» Material shown
● ● ●
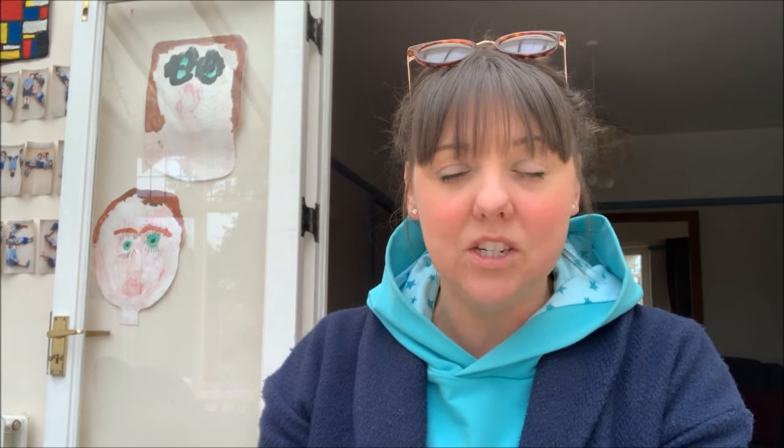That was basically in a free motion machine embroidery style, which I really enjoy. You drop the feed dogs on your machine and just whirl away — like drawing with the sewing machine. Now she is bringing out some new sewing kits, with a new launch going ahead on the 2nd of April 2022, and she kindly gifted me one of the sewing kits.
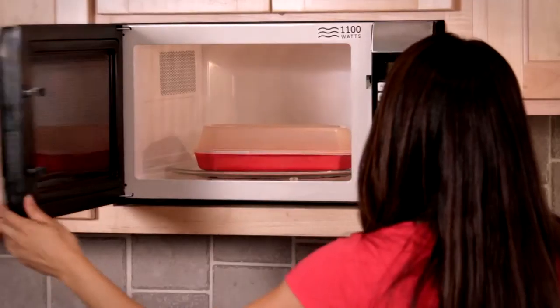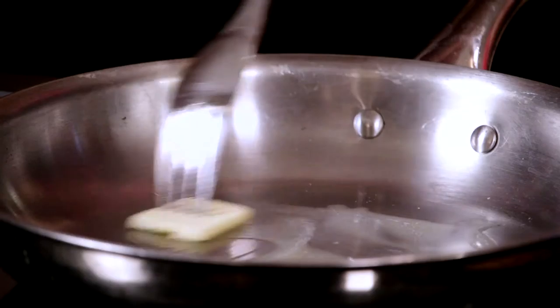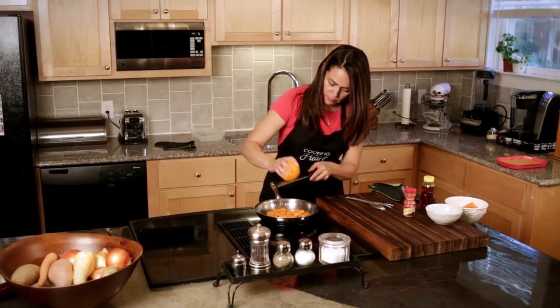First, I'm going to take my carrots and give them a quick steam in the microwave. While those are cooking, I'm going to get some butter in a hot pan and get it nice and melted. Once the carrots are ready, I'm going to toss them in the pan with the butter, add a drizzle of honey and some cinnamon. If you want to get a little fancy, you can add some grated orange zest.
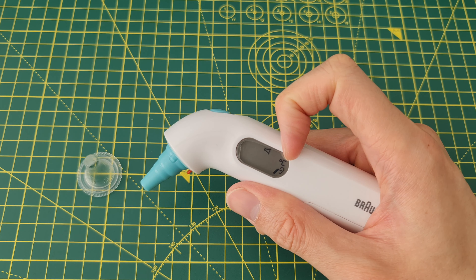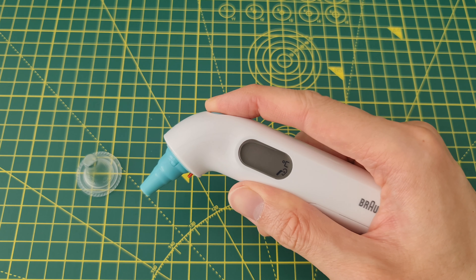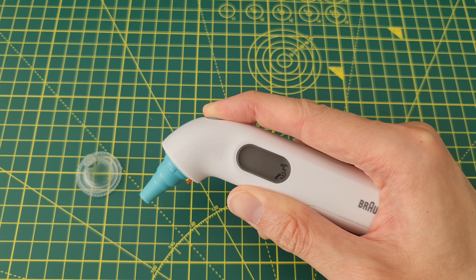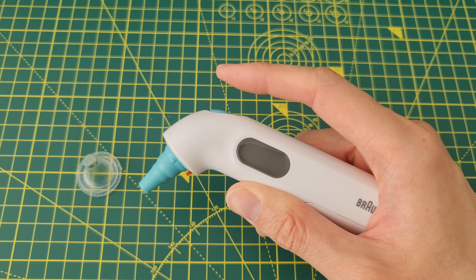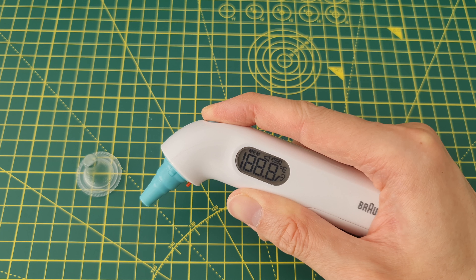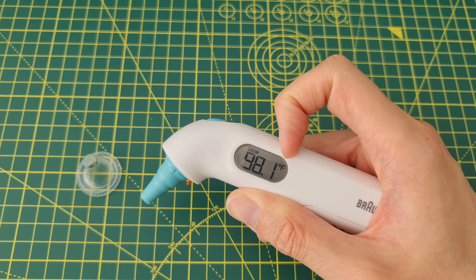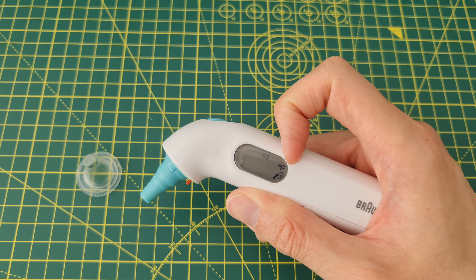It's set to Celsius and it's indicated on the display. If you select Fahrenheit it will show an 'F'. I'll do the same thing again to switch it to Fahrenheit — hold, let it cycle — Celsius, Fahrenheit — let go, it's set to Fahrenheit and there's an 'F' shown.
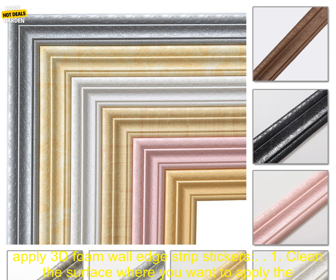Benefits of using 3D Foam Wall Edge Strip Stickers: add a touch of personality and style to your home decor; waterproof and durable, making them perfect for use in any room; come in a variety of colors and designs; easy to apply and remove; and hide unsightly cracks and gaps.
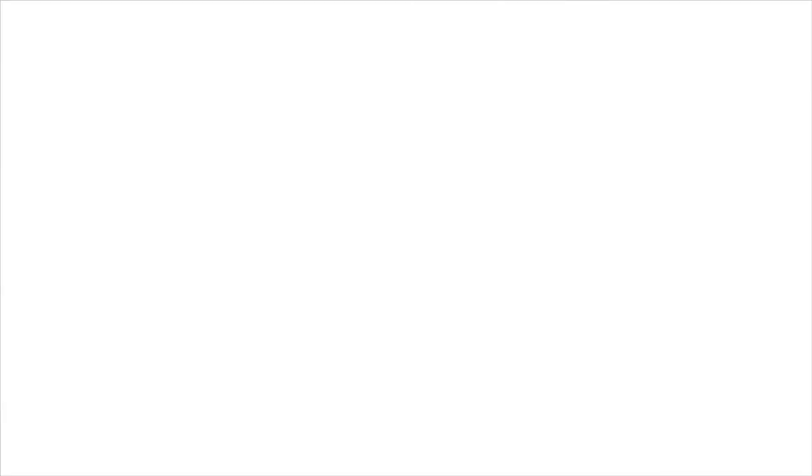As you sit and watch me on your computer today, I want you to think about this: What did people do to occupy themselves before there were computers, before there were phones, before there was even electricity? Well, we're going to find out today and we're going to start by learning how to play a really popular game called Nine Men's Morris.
● ● ●
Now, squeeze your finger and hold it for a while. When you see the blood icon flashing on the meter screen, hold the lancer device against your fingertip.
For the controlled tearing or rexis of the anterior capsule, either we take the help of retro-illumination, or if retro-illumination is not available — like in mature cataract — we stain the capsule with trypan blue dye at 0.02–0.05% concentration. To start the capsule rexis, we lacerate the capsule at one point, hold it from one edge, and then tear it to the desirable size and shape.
● ● ●
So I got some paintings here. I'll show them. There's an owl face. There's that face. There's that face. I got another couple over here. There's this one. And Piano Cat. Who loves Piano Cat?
● ● ●
» Task statement
Range to copy from the records above: the line containing "Benefits of using" to the line containing "As you sit and", both included. Output those lines exactly and only those, skipping pictures.

» Answer section
Benefits of using 3D Foam Wall Edge Strip Stickers: add a touch of personality and style to your home decor; waterproof and durable, making them perfect for use in any room; come in a variety of colors and designs; easy to apply and remove; and hide unsightly cracks and gaps.
As you sit and watch me on your computer today, I want you to think about this: What did people do to occupy themselves before there were computers, before there were phones, before there was even electricity? Well, we're going to find out today and we're going to start by learning how to play a really popular game called Nine Men's Morris.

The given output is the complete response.